Hanna’s eyes widen in surprise. ‘Impossible,’ says Arnoud.
‘It is, I’m afraid,’ Hanna says. ‘We simply do not have that kind of money.’
‘Prosperous enough,’ murmurs Arnoud. ‘But not stupid.’
‘We are makers of cakes, not sellers of sugar,’ Hanna says, frowning at him. ‘There may be no guild in our way, but as pastry bakers we’re still subject to the whims of the burgomasters and their hatred of papist gingerbread idols.’
‘It is excellent sugar, as I’m sure you can tell. Its quality alone will guarantee it sells. The craving craze shows no sign of abating – marzipan, cakes, waffles,’ Nella says. She watches Arnoud as he thinks, staring at the cones rising to the roof. ‘Your reputation would certainly increase,’ she adds. ‘I can only imagine what other doors such sugar might open.’
Nella isn’t certain, but she thinks Hanna is hiding a smile. It is very unlikely they have thirty thousand guilders to spare, although you never know in this city. It is a preposterous sum – but what can she do? Marin said to name a high price, for Arnoud to feel he’s comfortably clambering down. They need their cut, Agnes needs hers. Nella begins to feel desperate.
‘We’ll give you nine thousand,’ Arnoud says.
‘I cannot let you take all this sugar for nine thousand.’
‘Very well. We will take a hundred Amsterdam loaves for nine hundred guilders and let you know how it sells. If we make a profit, we will come back for more.’
Nella tries to think quickly, as fast as Arnoud. He wants one cone for nine guilders, but she needs to be selling each one nearer to twenty. He came prepared, she thinks. ‘Too low, Seigneur. Three thousand five hundred,’ she says.
Arnoud laughs. ‘One thousand one hundred,’ he replies.
‘Two thousand.’
He twists his lip. ‘One thousand five.’
‘Very well, Seigneur Maakvrede. But I have two other interested parties coming to see it this afternoon. I can give you three days to make your decision on the rest, but if they offer higher then your chance is gone.’

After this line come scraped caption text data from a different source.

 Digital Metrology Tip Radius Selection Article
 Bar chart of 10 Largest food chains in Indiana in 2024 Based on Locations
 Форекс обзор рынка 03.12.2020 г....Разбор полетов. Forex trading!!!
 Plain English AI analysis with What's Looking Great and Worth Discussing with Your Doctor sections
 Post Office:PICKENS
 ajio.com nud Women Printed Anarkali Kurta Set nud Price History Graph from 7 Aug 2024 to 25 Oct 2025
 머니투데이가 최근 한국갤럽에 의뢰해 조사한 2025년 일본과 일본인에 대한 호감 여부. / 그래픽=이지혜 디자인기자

‘Done,’ he replies, folding his arms, looking impressed. He seems happy; it is the first time she has seen him smile. ‘For a hundred loaves.’
Nella’s head spins. She’s not done as well as she hoped, but at least some of their stock is to be circulated – and in Amsterdam, where words are water, all it takes is one platter of delicious buns. She puts a Surinam loaf in a basket for Cornelia to experiment with drying them out.
Arnoud gives Nella one thousand five hundred guilders in crisp notes. It feels exhilarating to touch them – a sense of potential, a life raft made of paper. One thousand must go straight to Agnes and Meermans on the Prinsengracht, a sweetener to try and stop them testifying against Johannes. The other five hundred must bribe Jack Philips. They will have to think about saving anything for themselves later.
Hanna begins loading a basket with the loaves. ‘How is Cornelia?’ she asks.
She’s frightened, Nella wants to say. She’s tethering herself to her kitchen. She had left the maid in a frenzy, yanking open the tight globe of a savoy cabbage, shredding scallions and leeks. ‘She’s well, thank you, Madame Maakvrede.’
‘Some shrink, whilst others grow,’ Arnoud remarks, shaking his head at the mountain of cones.
Hanna squeezes Nella’s hand. ‘We will sell this sugar, and return,’ she says. ‘Of that I will make sure.’